Approaching All Relationships With Discipleship In View

Jesus called his disciples not just to do a bunch of powerful stuff, but to be with Him.

Peter and John weren’t just noted as men who did some powerful stuff, they were noted as men who had been with Jesus.

These are two principles that were brought out in last Sunday evening’s volunteer training.

What followed that evening were several specific thoughts about relationships as we seek to make disciples. Here’s what stood out most to me: flexibility.

The question took the form that went something like this:

Are you willing to meet people where they are, or are you frustrated because people you meet aren’t where you are?

This is a statement that will stick with me for a while. Let me give three practical examples in church life.

1. Kids and families in programs.

If you run a program, it is very easy to focus on running the program.  I ran programs for 10 years in youth ministry, and they were important times. They teach discipline, structure, and have great opportunities for formal instruction and relationship building.

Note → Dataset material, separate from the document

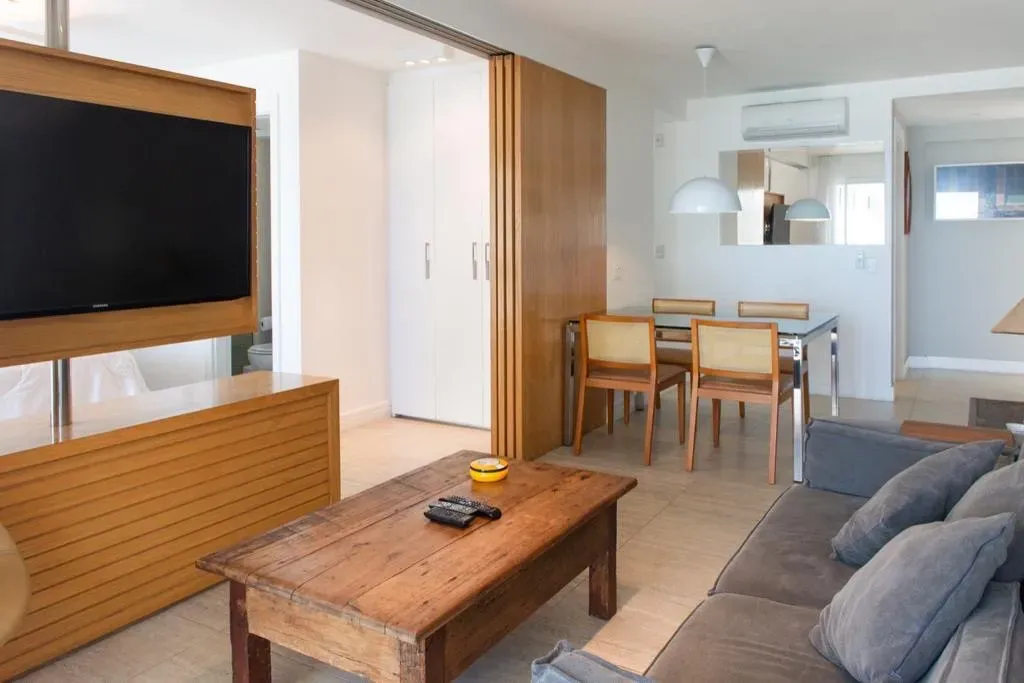Furnished 85 m² apartment with open-plan kitchen and 2 beds — photo 36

But, many times there are people who are new to the structure.  Praise God for that.  What is wrong is to expect everyone to assimilate quickly into the structure and to emphasize the structure over the relationship.  Consider the background, situation, and the set of difficulties any child may have. Consider the family’s relationship with the church and Jesus. Have they ever been told of this glorious Jesus we meet? God forbid our commitment to structure and outward form is a hindrance to sharing the precious truth of salvation!

A “flexible” program worker and leader will be challenged to show a lot of love as we meet kids and families where they are.

2. Total strangers.

Sometimes total strangers attend worship or come up to us while we’re around the building.  We shouldn’t be freaked out when this happens. We should do whatever we can do to try to understand where they’re coming from and show them love.  We should try to do our best in these situations with the time we have. We should not be frustrated that someone has need.  We should love them, show them respect, and keep in mind practical things like safety and basic discernment.

If our attitude is to get strangers to “go away”, then we fail to help on every level.  Discipleship meets people where they are, just like Jesus did.  Discipleship also desires the best for people, so being able to speak the truth in love is something we should always ask God for the grace to do. Let’s pray that these encounters can open doors for relationships!

3. Long time Christians.

If you are a Christian who’s believed for a number of years, this is difficult.  Why? Because the gap is bigger between where you are and where you were.  You’ve been in Christ and enjoying His benefits for a longer period of time.  Times of trouble, need, chaos, etc. are either far behind you or were never present in your life. The flexibility to meet someone where they are is something you MUST ask God for, knowing that He alone can provide that.

Summing Up . . . 

If we develop this flexibility as a local church, people WILL feel welcomed and not judged.  After all, that is the goal.  We want people to feel welcome.  We want the truth to be told.  Telling the truth without welcoming people can be disastrous.

God, make us more flexible servants, ready to respond and show love in ways that challenge us and glorify you!